Supreme Court weighs Fla., Texas social media censorship

A decision is likely to be issued by June.
The U.S. Supreme Court in Washington, D.C. Photo credit: Jonathan Satriale / WEBN-TV via Creative Commons.

The U.S. Supreme Court on Monday heard oral arguments in a pair of cases challenging the constitutionality of anti-censorship laws in Florida and Texas that seek to prevent large social media sites from deplatforming politicians or political speech.

Lawyers for the states asserted a right to regulate social media companies. The tech industry argued the laws interfere with their First Amendment right to assert editorial control.

“The platforms do not have a First Amendment right to apply their censorship policies in an inconsistent manner and to censor and deplatform certain users,” Florida Solicitor General Henry Whitaker told the justices.

Attorney Paul Clement, a former U.S. solicitor general arguing on behalf of the tech industry, countered that the state laws infringe upon previous court findings protecting against the “forced dissemination of third-party speech.”

“Given the vast amount of material on the internet in general and on these websites in particular, exercising editorial discretion is absolutely necessary to make the websites useful for users and advertisers,” Clement said in arguing against the Florida law.

U.S. Solicitor General Elizabeth Prelogar also participated in the oral arguments and sided with the companies.

“The First Amendment protects entities that curate, arrange and present other people’s words and images and expressive compilations,” Prelogar said. “As this court’s cases have held, those principles cover newspaper editors, parade sponsors and web designers. It also covers social media platforms.”
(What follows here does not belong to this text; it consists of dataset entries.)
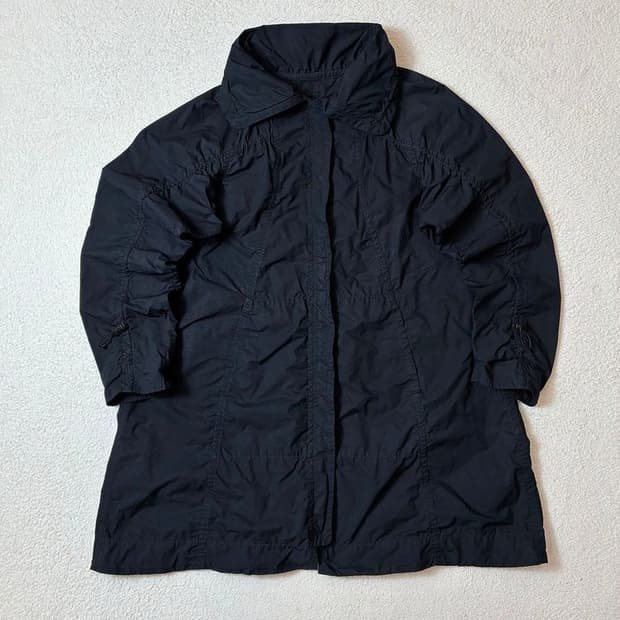 이세이미야케 미 15ss 시크 퍼티그 코트 자켓 PN6890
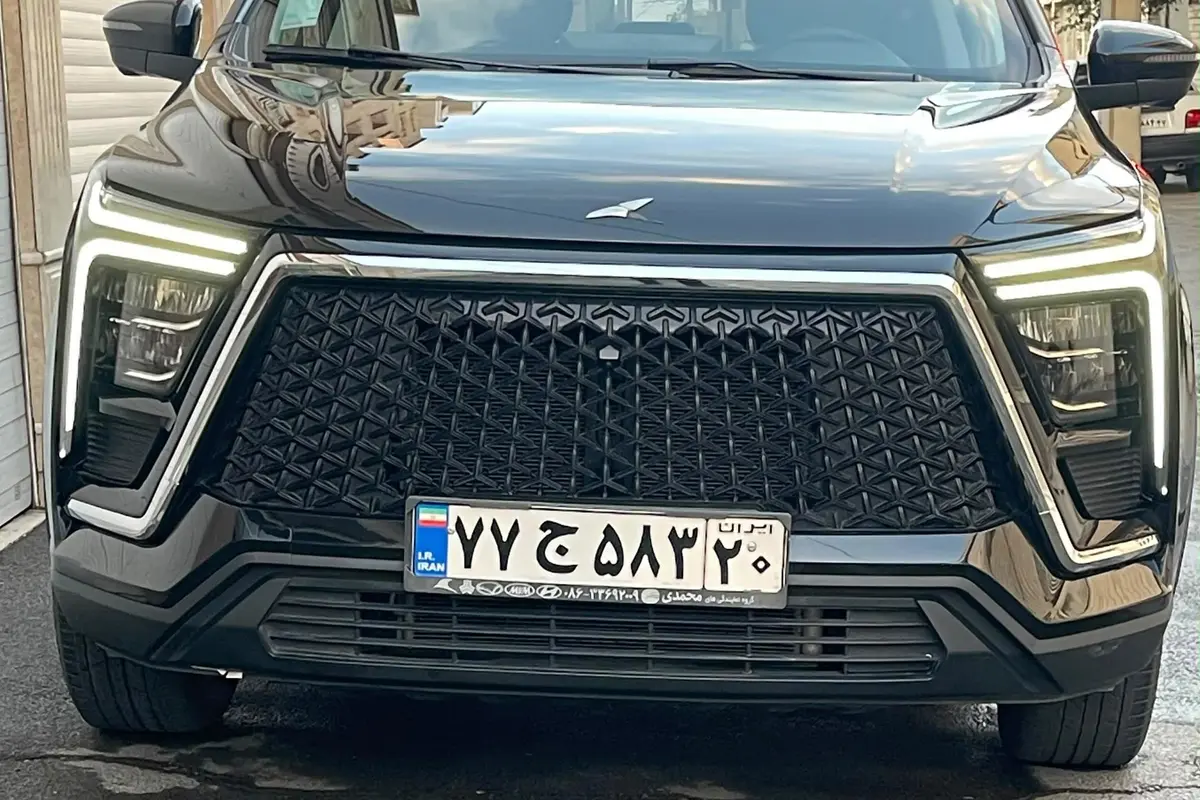 کی ام سی،  X5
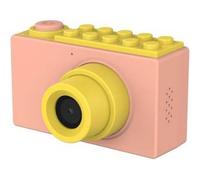 myFirst Camera 2, Fotocamera per Bambini, con Custodia Waterproof, 8 MP, Schermo IPS da 2", Video Full HD, Scheda di Memoria Micro SD fino a 32 GB non Inclusa, Rosa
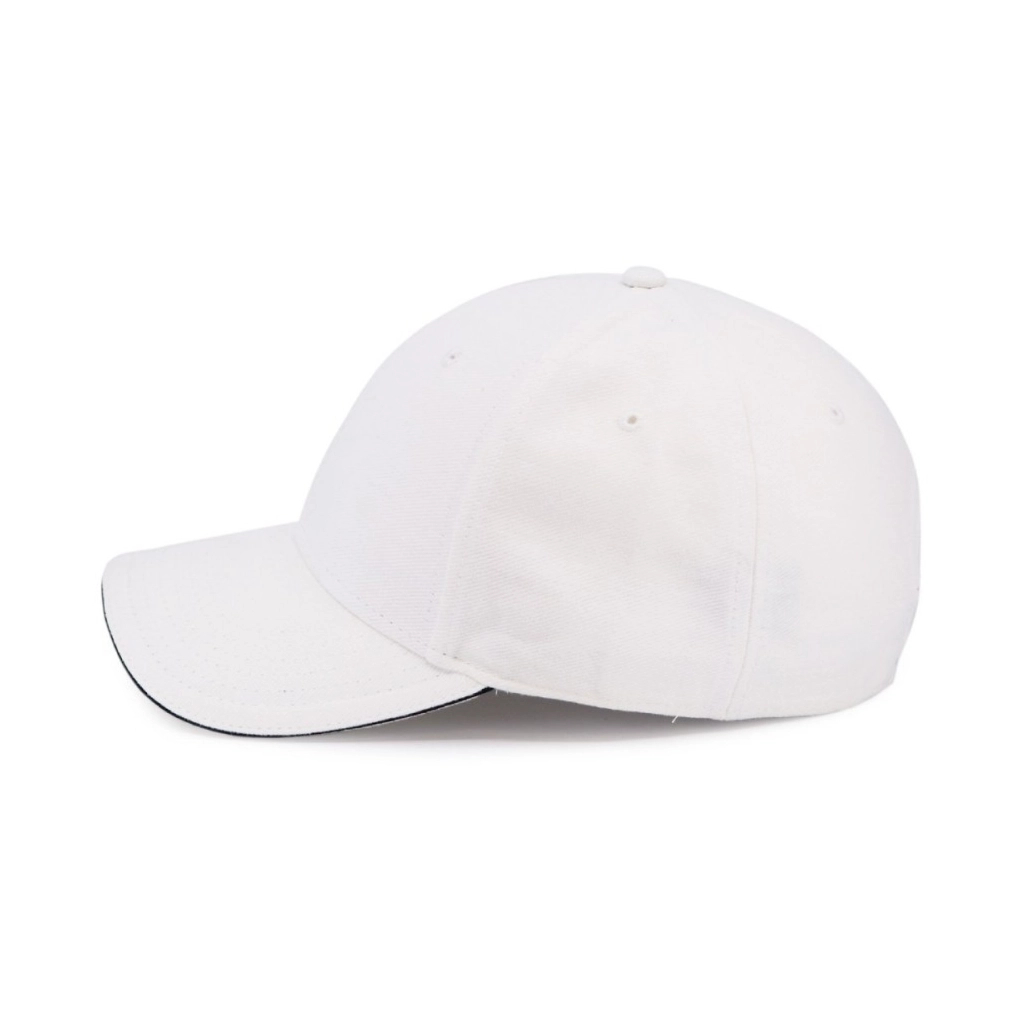 Кепка coFEE Classic sandwich білий/чорний (2099-6 CO) - зображення 2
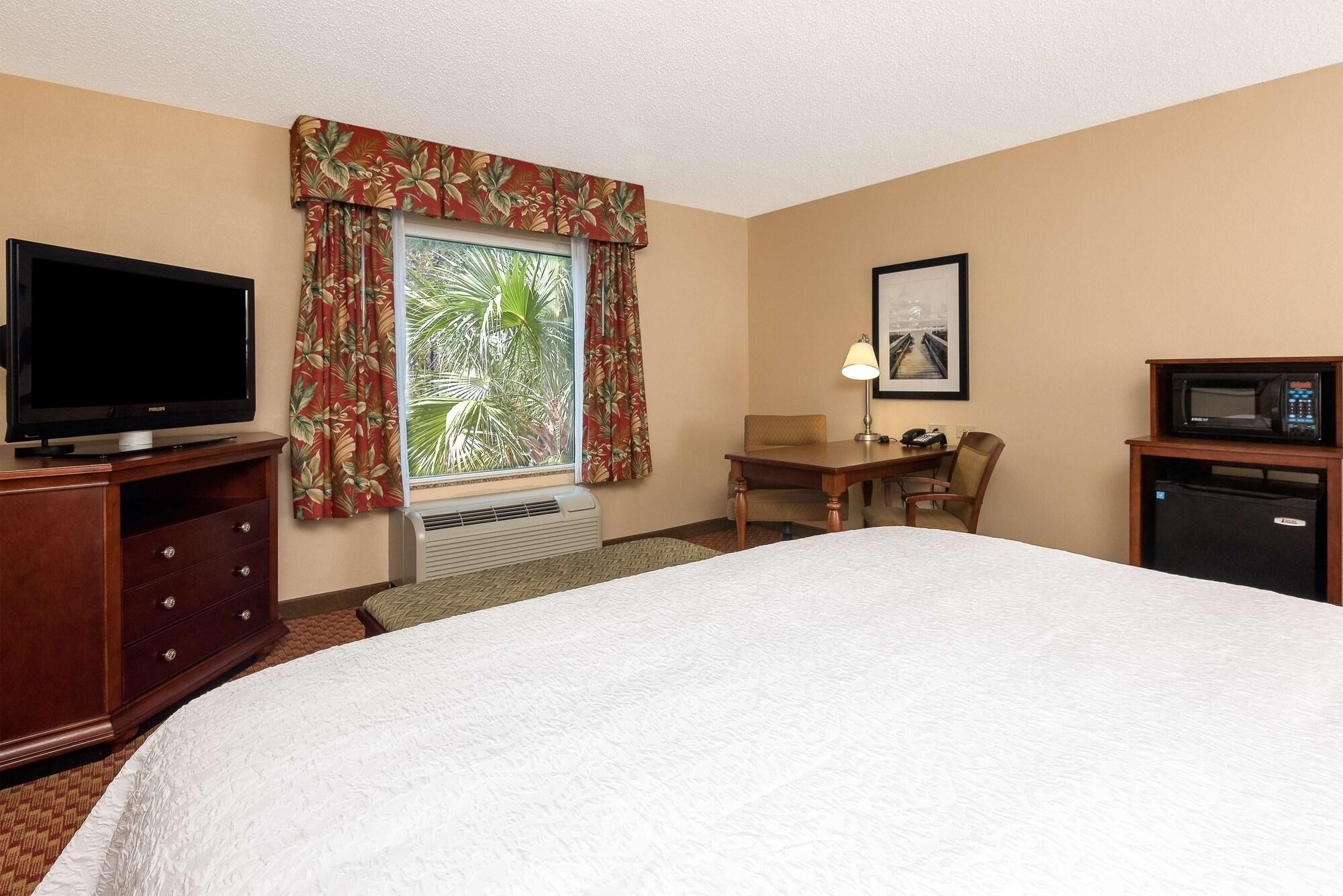 Hampton Inn & Suites Florence-North-I-95 Exteriör bild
Lawyers for both sides faced tough questions from the justices who appeared to wrestle with whether states have the right to prevent social media companies from moderating content and the extent to which the platforms have carte blanche to censor content. Another issue raised was whether email and direct messaging could be implicated.
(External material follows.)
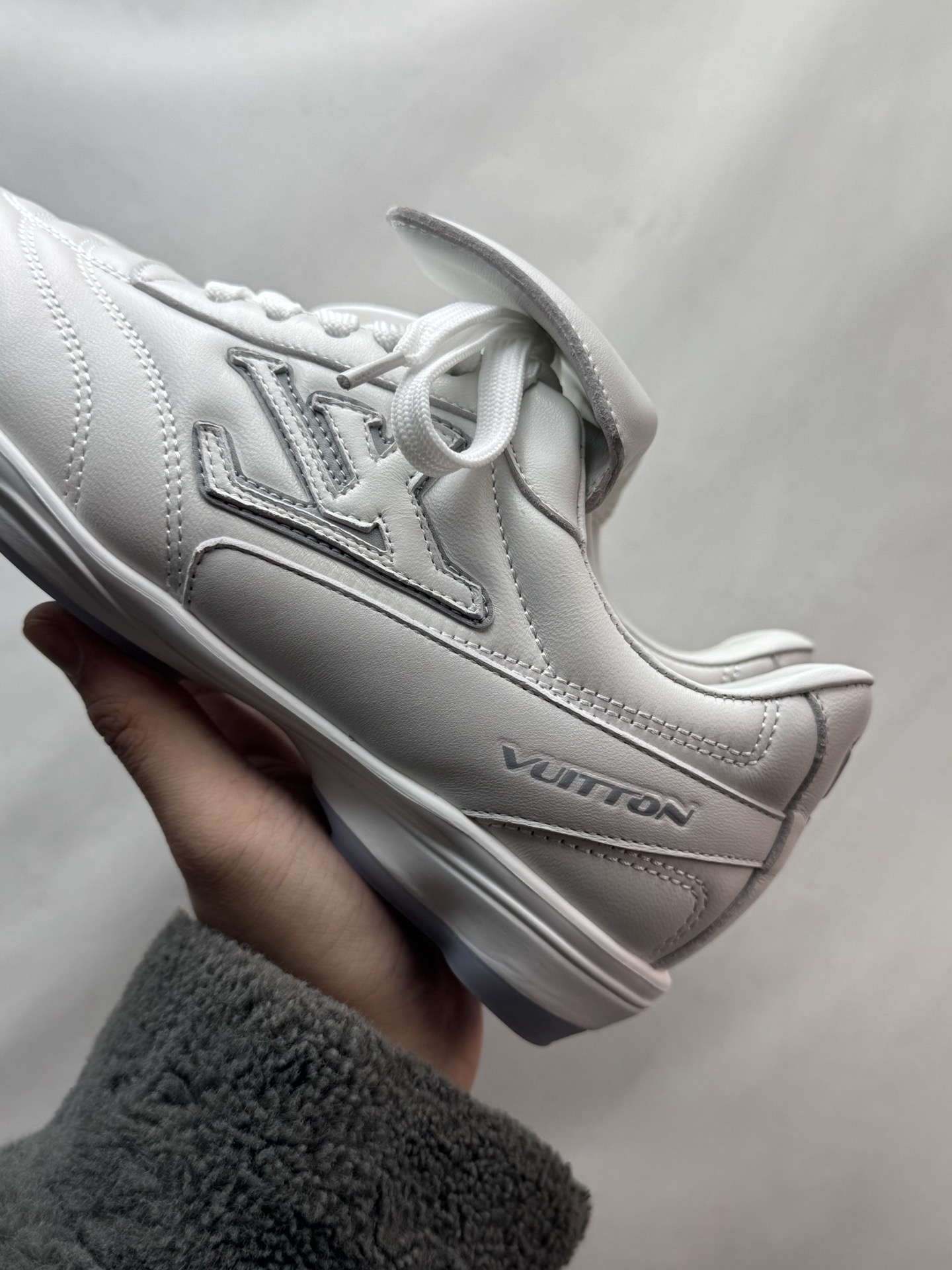 Men Women L*ouis V*uitton Top Sneaker L*V Trainer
The justices also repeatedly returned to the question of how a ruling on the constitutionality of the state laws might implicate Section 230 of the federal Communications Decency Act, which generally gives online purveyors immunity for the content that third parties post to their platforms.

The back-and-forth between justices and attorneys pushed the oral arguments well over the one hour that had been allotted for each case.
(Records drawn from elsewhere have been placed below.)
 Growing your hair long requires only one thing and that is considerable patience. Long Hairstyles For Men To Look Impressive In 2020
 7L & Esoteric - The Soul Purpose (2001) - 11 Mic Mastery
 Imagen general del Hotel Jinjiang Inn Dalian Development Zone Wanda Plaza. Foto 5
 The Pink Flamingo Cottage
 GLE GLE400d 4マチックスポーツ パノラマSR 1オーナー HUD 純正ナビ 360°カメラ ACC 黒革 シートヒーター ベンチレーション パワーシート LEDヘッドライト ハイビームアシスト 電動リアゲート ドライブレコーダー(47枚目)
The cases represent a major test of the constitutionality of state-level efforts to regulate social media companies and treat them as common carriers that cannot discriminate, rather than as private companies that can dictate what content is and is not allowed on their platforms.

The Florida and Texas laws were passed in 2021 following the deplatforming of former President Donald Trump from social media sites after the Jan. 6 attack on the U.S. Capitol. Trump submitted a brief in the Florida case.

The Florida law aimed to block social media sites from deplatforming candidates for public office while allowing individuals to bring lawsuits against the companies for alleged unfair treatment.

The Texas law, signed four months later, sought to ban social media companies from removing users for expressing their political opinions.

The cases have drawn intense interest from digital rights and privacy groups including the ACLU, which has urged the Supreme Court to block the Florida and Texas laws. NetChoice said 44 amicus briefs supporting its position were filed with the court.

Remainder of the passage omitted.